Top Third Ventures original business was to design, market, and sell an efficient cook stove with brand name Baker for the rural consumer market in Kenya. Two additional business divisions grew out of the direct sale of the Baker cook stove: the Business-To-Business division providing other cook stove manufacturers and distributors access to carbon finance and the Big Data division. The retail sale of the Baker cook stove below cost of production was possible through carbon financing. Top Third Ventures registered the Top Third Ventures Stove Programme, a program of activities under the Clean Development Mechanism of the United Nations Framework Convention on Climate Change (UNFCCC). The programme was registered on 27 December 2012 and allows Top Third Ventures to earn Certified Emissions Reductions from cook stove activities for a 28-year period.
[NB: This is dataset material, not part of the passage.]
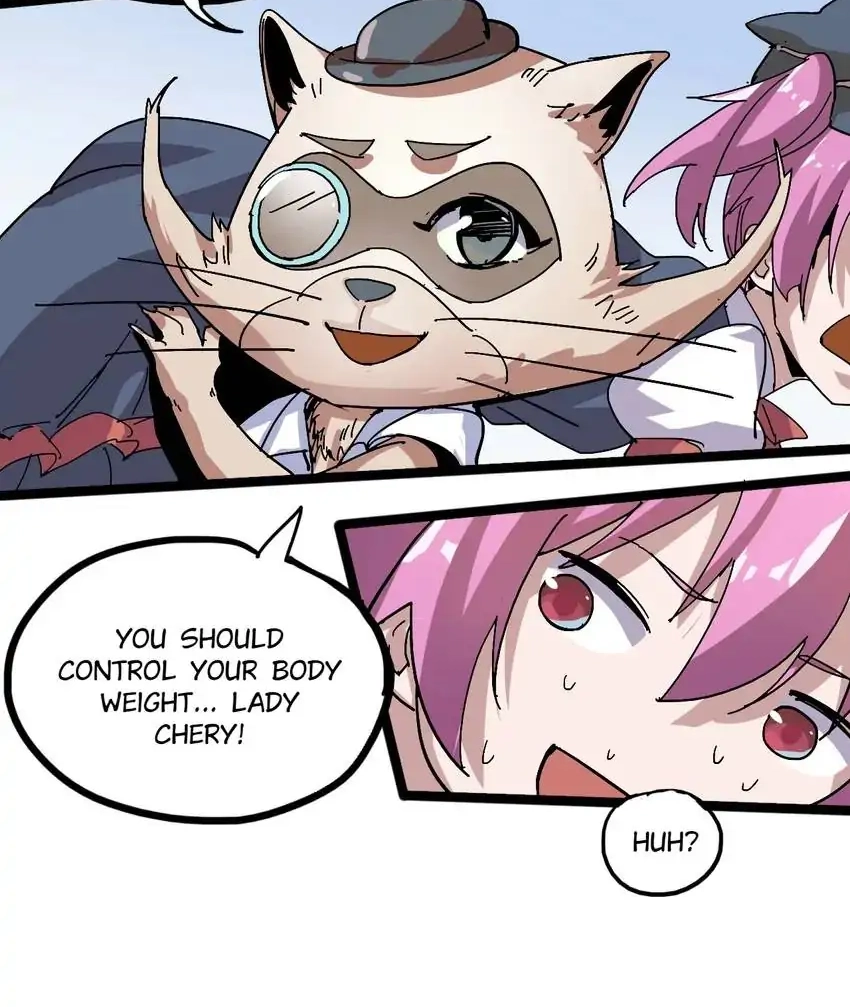 Time Retrograde Chapter 94 page 34 -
To streamline the realization of carbon credits, track sales, and achieve market segmentation, a mobile app was set up on Android and linked to a backend data visualization and data analysis tool. The aggregation of large amounts of cookstove user data is the foundation of Top Third Ventures' Big Data division.
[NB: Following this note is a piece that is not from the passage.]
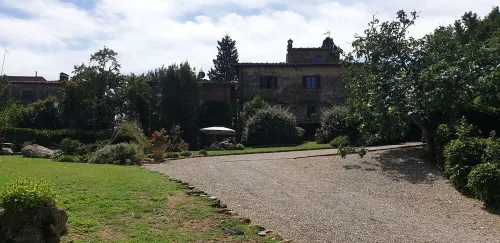 Welcome to Villa Dolce Vita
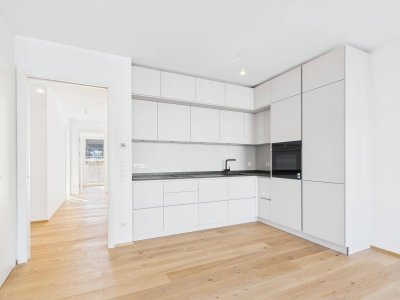 Neubau-Erstbezug: Einmalige 3-Zimmerwohnung mit 2 Balkone| Nähe U3 Ottakring &amp; Wilhelminenberg | Termin online buchen!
Top Third Ventures market entry strategy was through its own Baker cook stove. Claesson Koivisto Rune developed the design of the Baker cookstove to emphasize aesthetic appeal, usability, and cultural conformity. In early 2013 the first 200 Baker cook stoves were manufactured in Nairobi and sold through Top Third Ventures' flagship store in Laikipia County, Kenya. The cook stoves were sold from a refurbished shipping container and the sales team was composed on local village motorcycle taxis that were given sample products. The Baker cook stoves were sold for a retail price of $25. Sales data and customer information was recorded through Top3 Tracker.

After encountering quality problems in the domestically produced Baker cookstoves and unable to raise working capital to establish production overseas at sufficient economies of scale, Top Third Ventures focused on the Business-to-Business and Big Data divisions of the company by working with existing financiers, manufacturers, and distributors of cook stoves around the developing, to provide them access to Top Third Ventures' carbon credit programme.
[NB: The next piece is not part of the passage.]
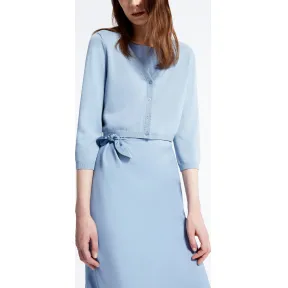 麦丝玛拉/Max Mara 浅蓝色 开衫 5346046906006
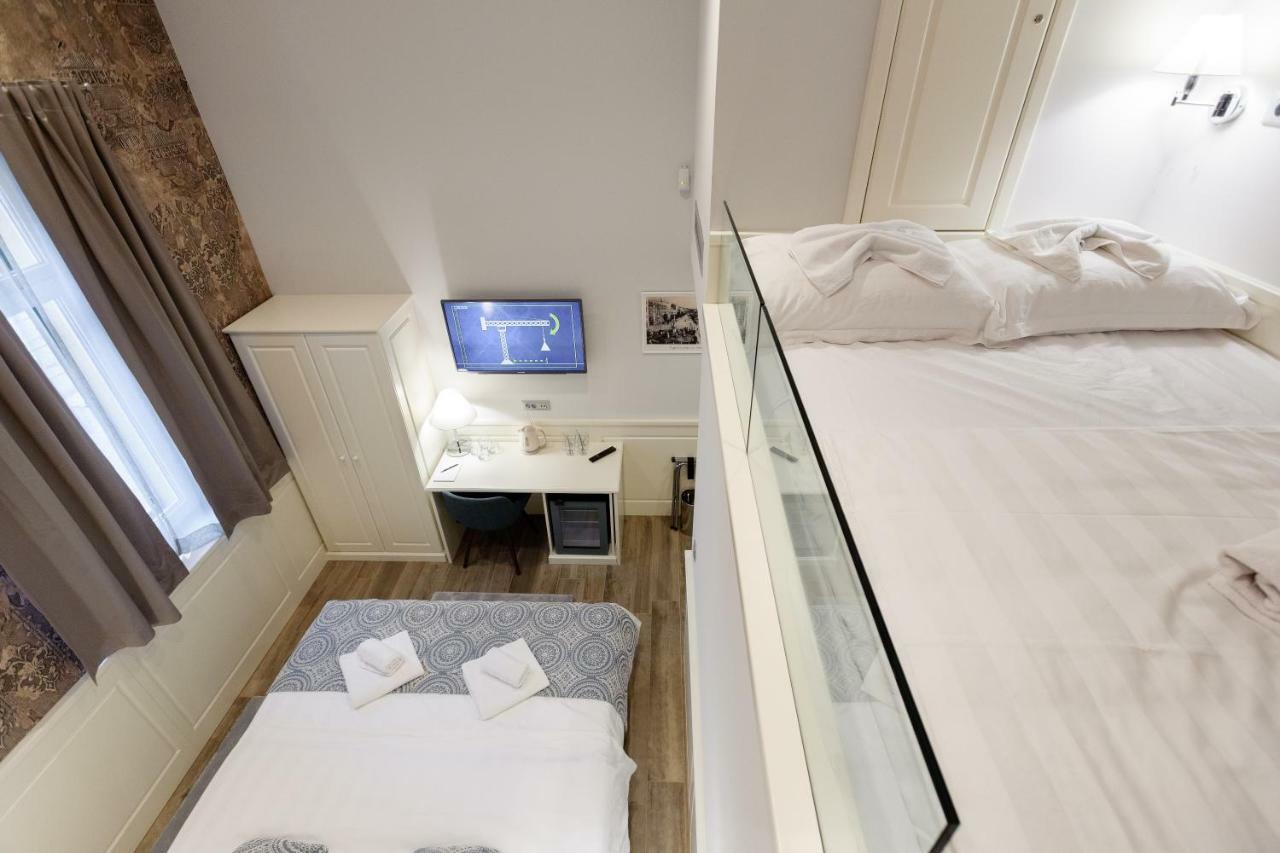 Roko Luxury Rooms 1 Split Ngoại thất bức ảnh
On 12 September 2012, Top Third Ventures Global was incorporated in Mauritius as a limited liability company. The restructuring reduced the exposure of Top Third Ventures' operations to political risk from the upcoming Kenyan General Election, 2013.

Business model 
Through TTV's carbon credit programme the company reduces the cost of accessing carbon finance and lowers the time required to certify an efficient cook stove activity for carbon finance.